Research within the past 15 years, however, has demonstrated the existence of separate, different, and often conflicting preference functions of individual members (Jones 1983). Given the different preferences, household behaviour can be described using a bargaining model (Manser and Brown 1980; McElroy and Homey 1981), according to which individual members pursue their own interests, given their relative bargaining positions inside the household. Simplistic assumptions that families are in harmonious agreement or consensus regarding the use of household resources (Samuelson 1956), or that each household has one altruistic member who works things out for the benefit of all (Becker 1974; 1981), have been shown to be inaccurate.

Some bargaining models apply mathematical game theory to marriage and household decision-making (Manser and Brown 1980; McElroy and Homey 1981). They include models of cooperative conflict (Sen 1990), which address situations in which there are many cooperative outcomes that would be more beneficial to all the parties than non-cooperation, but where the different family members have conflicting interests in the choice among these cooperative arrangements.

Bargaining is supplemented by an "implicit contracts" model (Folbre 1989) that sees the family as governed by culturally determined expectations about the entitlements and obligations of individuals in different positions within a household unit. This model explains why people who lack bargaining power retain access to some household resources. Individuals pursuing their own selfinterest also are bound by ties of affection as well as implicit contracts. These traditional norms can be viewed as the cultural "fall-back" position for men and women who are unwilling to invest time and energy in bargaining over alternative allocation (Pollak 1985), or as the upper and lower bounds on acceptable behaviour within which bargaining can be applied (Kennedy and Rogers 1992). These norms are often held in place by powerful legal and institutional factors that determine the disposition of household assets, such as family laws regarding property rights and social entitlements (Folbre 1992). Changes in these institutional factors may have greater effects on intra-household bargaining than changes in individual market earnings or assets.

Individual earning power increases bargaining power. An individual's bargaining power is determined in part by his or her "threat point" - the point at which the person believes he or she would be better off outside the household unit than in it. The greater a person's income-earning opportunities outside the household, the higher the threat point and thus the greater the bargaining power within the household. Another type of threat-point analysis defines the threat point not as divorce, but as a non-cooperative or asymmetric equilibrium within marriage, which may be reflected in different roles for men and women and different use of resources. Such analyses explain why child allowance schemes that pay the mother may have different effects from those that pay the father (Lundberg and Pollak 1992). To the extent that interventions alter the first type of threat point, they may create shifts in the family structure, while alterations in the second may influence intra-household tasks and benefits.

Pollak (1985) applies a less-developed "transaction cost" approach to intra-household transactions.

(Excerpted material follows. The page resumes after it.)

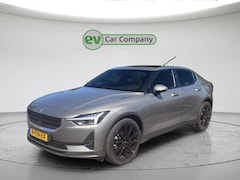 Polestar 2 - 2 Standard Range Single Motor 63kWh | SOH 93% | Stoelverkoeling | Volleder | Panoramadak |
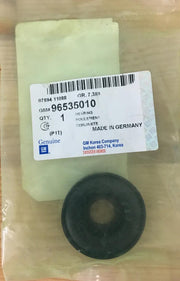 chevrolet kalos aveo t200 t250 shock mount front view, chevrolet kalos aveo t200 t250 shock mount side view, chevrolet kalos aveo t200 t250 shock mount packaging Chevrolet Kalos-Aveo T200-T250 Shock Mount - Original Part for 2003-2010 Models | Each Chevrolet Kalos Aveo T200 T250 Shock Mount chevrolet, kalos, aveo, t200, t250, shock-mount, car-parts, automotive, original-parts, ai-generated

The premise of transaction cost analysis is that organizations (including families and households) seek institutional modes for organizing transactions that minimize transaction costs. Pollak applies theories regarding the boundaries, structure, and internal organization of commercial firms to families, treating the family as a governance structure, with supplier-customer contract relationships. He views family governance in terms of incentives, monitoring, altruism, and loyalty.